There wasn’t room for who I was in this formula.
There wasn’t much room for who God saw me as either.
As I contemplate uprooting our family and going to a new place, almost ten years later, this verse from Ruth has become one that makes my heart beat faster. It is love with hands and feet—a living sacrifice. By God’s grace I have cleaved to my husband. I am discovering that hope is better than happiness, and in hope, there is more than enough room for who I am—for others too.
By God’s grace, the Bible has become a hot drip in my heart like the mug of coffee that is always in my hand. Neither of these things have happened by my choice but by God’s gentle shoves through life’s struggles.
But it’s not a happy ending here. It never is when there is still life ahead of us. You see, I accepted that my husband would be a pastor, and so, our honeymoon was us driving across the country from San Diego to St. Louis where he would spend the next six months completing seminary. I knew we’d get a call after that, to wherever God and the seminary saw fit. I was relieved to find that our first call was to Sedona, AZ, which meant my entire family would be reachable in an 8 hour drive with 2 pit stops.
Our last year in Sedona was very isolating as I struggled through perinatal depression. As a new pastor’s wife I didn’t know how to navigate hard conversations with church members that wanted to see me as a put together, and Godly wife. Maybe they didn’t feel this way, but I never felt the courage to invite them into this messy space.
After four years in Sedona, we got the call that blew our minds.
Side note: I say “we,” because I see a call as something that impacts and involves our entire family.
I was going home. St. John’s in Orange CA was the church we went to Easter every year when we visited my sisters at Concordia. My sister had been married at the church down the street. When I was in college, my parents had relocated an hour away from Orange in North San Diego County.
This call was a dream in more than one way. Nathan and I would get to focus on being the church to our community, through relationships, in his position that was titled: pastor of outreach and evangelism. Over the moon would be a trite way of putting how we felt. Relieved and revived would better describe it.
My sister lives 20 minutes away. Before our girls were in school, I would come to her house and camp out entire days.

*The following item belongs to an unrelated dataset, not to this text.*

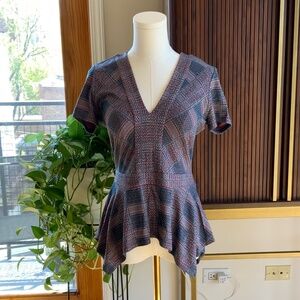 BCBG Maebelle Plaid Peplum Top Size S
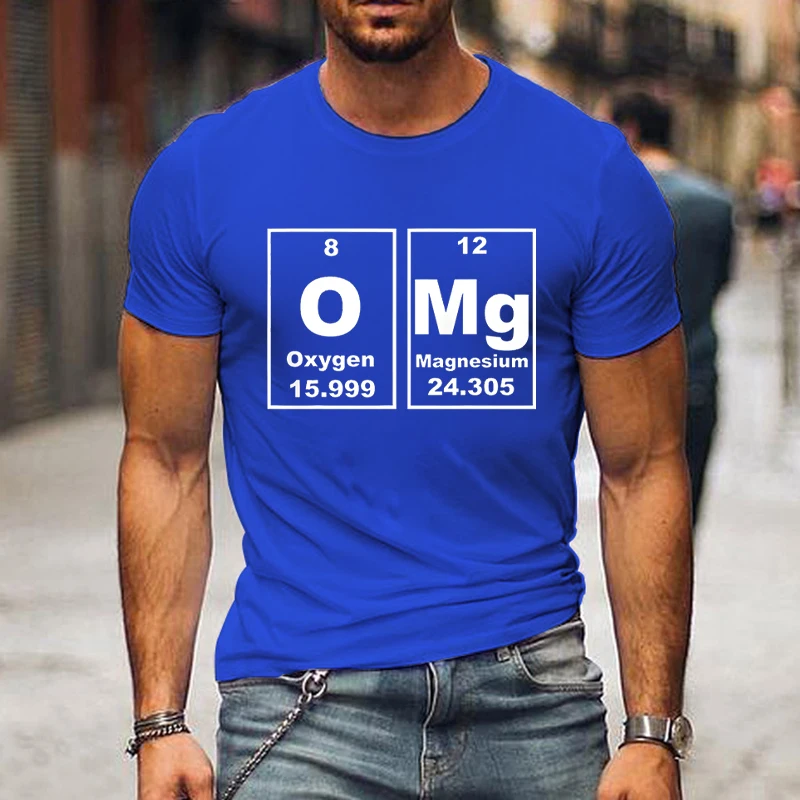 Omg Elements Periodic Table Graphic T Shirts Funny Chemistry for Scientist Luminous Men Clothing Fashion Casual Glowing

I’d drink her coffee pods like they were free hand outs and when I was surviving on little sleep when Elyse was a baby, and when she was sick, I’d nap in my sister’s bed. My kids have their own set of pajamas at my sister’shouse (who is affectionately called “TeeTee”), and a shelf with Elyse’s special gluten-free snacks.
It has only been with my sister that I have felt comfortable enough to enter and move in her home as if it were my own, as she and I, and our daughters live life together.
So this is where the happy ending cracks into a question mark.
God has been slowly showing Nathan and I that he wants us somewhere else. That’s the place where a big question mark could be placed with perhaps an emphatic “WHY!” WHY GOD?”
Pieces of my heart are attached to my family, their heart attached to mine in a way that can never be severed.
Then I had a dream.
I dreamt that my entire family was loaded in one van. My kids were in there, hooked into their car seats, and I was getting ready to jump in. But then I saw Nathan, my husband, standing beside two strangers. I couldn’t describe what the strangers looked like, but only how they made me feel. They frightened me because they were different, they compelled me because I knew they wanted to know me, they broke me because I knew that they were hurting and in need.
Nathan said, “Lindsay, if we go with your family these strangers will not fit. I need to take a new car.”
There was a choice there, and I felt rushed. My family was in a hurry to leave.
“Wherever you go, I will go; wherever you live, I will live. Your people will be my people, and your God will be my God.” Ruth 1:16
The dream ended without a decision. But though it involves a messy tearing away, I know that I will unbuckle my children and we will go in Nathan’s car. If I don’t invite strangers in, then they will never know that by the blood of Jesus, we are already family.
But my heart hurts. Understatement of the century.
My question, my challenge to you is this: if God calls my family to this church, will you be my people?
Don’t answer yet.
I mean will you be my people in your messy living room with my feet propped up on the table? I’ll take off my shoes! Okay, maybe feet on tables isn’t your thing. But I promise I’d always use a coaster!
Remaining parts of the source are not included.